Print, word for word, the opening line of the data below and every line after it through the line that contains "However, if I", but not the pictures.

(Saved entries)
== Segment start ==
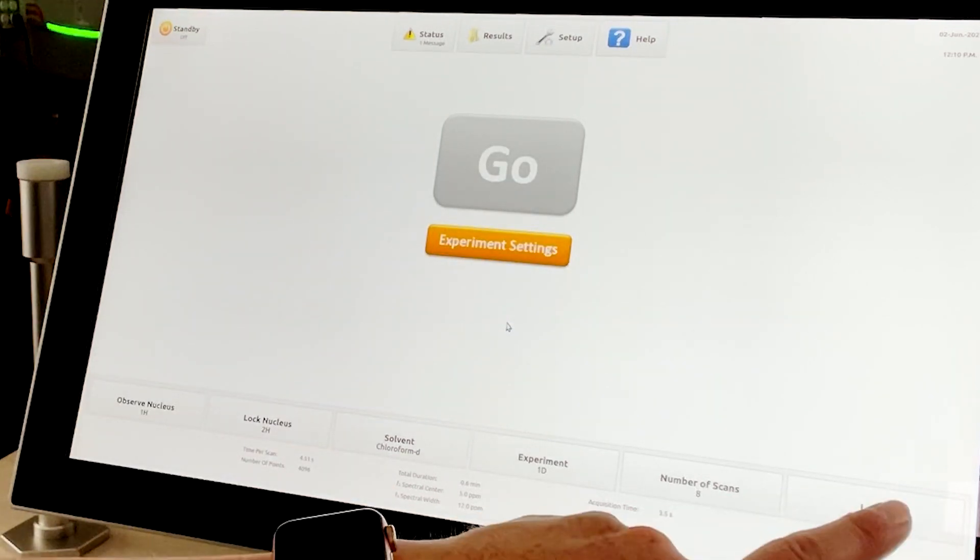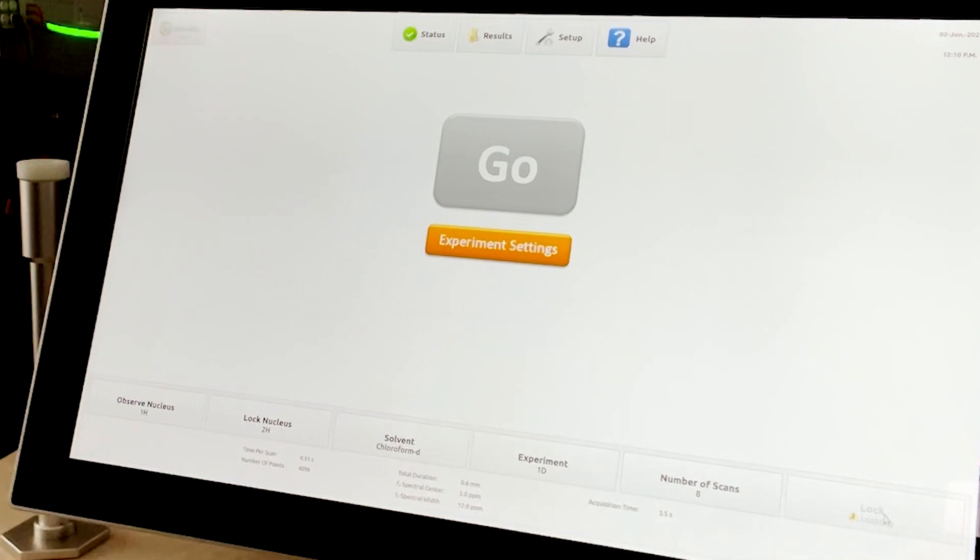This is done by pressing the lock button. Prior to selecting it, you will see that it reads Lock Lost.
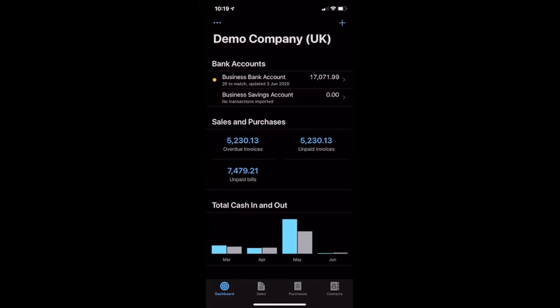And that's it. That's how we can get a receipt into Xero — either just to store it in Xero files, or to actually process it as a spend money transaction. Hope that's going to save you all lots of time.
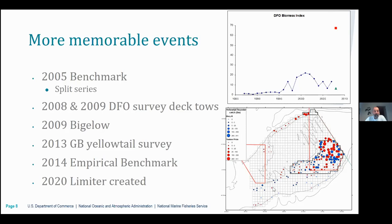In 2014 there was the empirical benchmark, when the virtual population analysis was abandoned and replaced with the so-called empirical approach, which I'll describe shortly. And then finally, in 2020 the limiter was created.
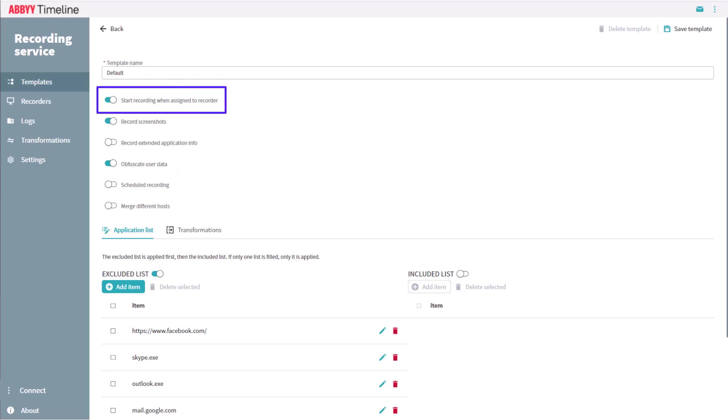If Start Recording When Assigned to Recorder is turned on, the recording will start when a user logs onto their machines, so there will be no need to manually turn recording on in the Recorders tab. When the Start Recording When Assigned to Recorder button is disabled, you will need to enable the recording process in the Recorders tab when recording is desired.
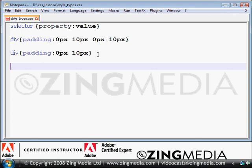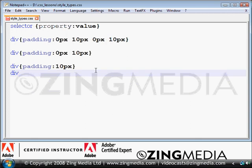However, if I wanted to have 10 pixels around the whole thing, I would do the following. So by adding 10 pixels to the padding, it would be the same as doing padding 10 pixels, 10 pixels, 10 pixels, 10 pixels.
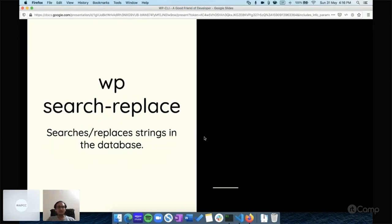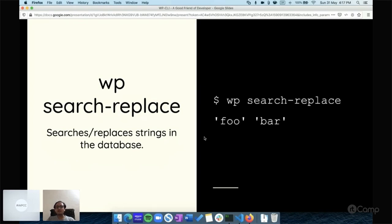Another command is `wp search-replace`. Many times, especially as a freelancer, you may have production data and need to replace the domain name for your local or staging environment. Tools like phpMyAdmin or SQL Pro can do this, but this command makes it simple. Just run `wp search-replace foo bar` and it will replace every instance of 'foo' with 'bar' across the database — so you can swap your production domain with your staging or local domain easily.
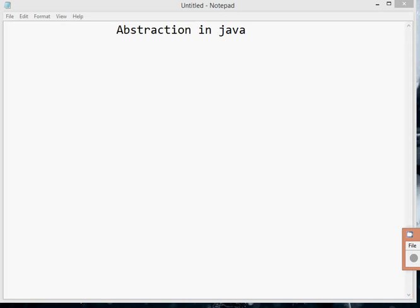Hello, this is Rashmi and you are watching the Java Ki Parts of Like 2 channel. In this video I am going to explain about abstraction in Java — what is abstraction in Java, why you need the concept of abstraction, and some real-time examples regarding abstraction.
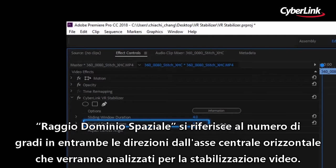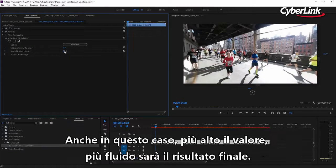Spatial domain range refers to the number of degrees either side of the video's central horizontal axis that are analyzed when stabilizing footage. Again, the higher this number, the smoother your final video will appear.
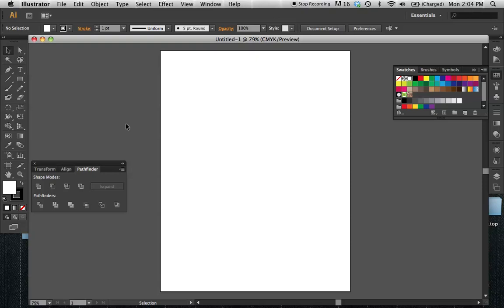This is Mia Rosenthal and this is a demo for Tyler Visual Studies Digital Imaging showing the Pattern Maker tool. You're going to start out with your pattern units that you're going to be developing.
== Segment end ==
**Answer below:**
This is done by pressing the lock button. Prior to selecting it, you will see that it reads Lock Lost.
And that's it. That's how we can get a receipt into Xero — either just to store it in Xero files, or to actually process it as a spend money transaction. Hope that's going to save you all lots of time.
In 2014 there was the empirical benchmark, when the virtual population analysis was abandoned and replaced with the so-called empirical approach, which I'll describe shortly. And then finally, in 2020 the limiter was created.
If Start Recording When Assigned to Recorder is turned on, the recording will start when a user logs onto their machines, so there will be no need to manually turn recording on in the Recorders tab. When the Start Recording When Assigned to Recorder button is disabled, you will need to enable the recording process in the Recorders tab when recording is desired.
However, if I wanted to have 10 pixels around the whole thing, I would do the following. So by adding 10 pixels to the padding, it would be the same as doing padding 10 pixels, 10 pixels, 10 pixels, 10 pixels.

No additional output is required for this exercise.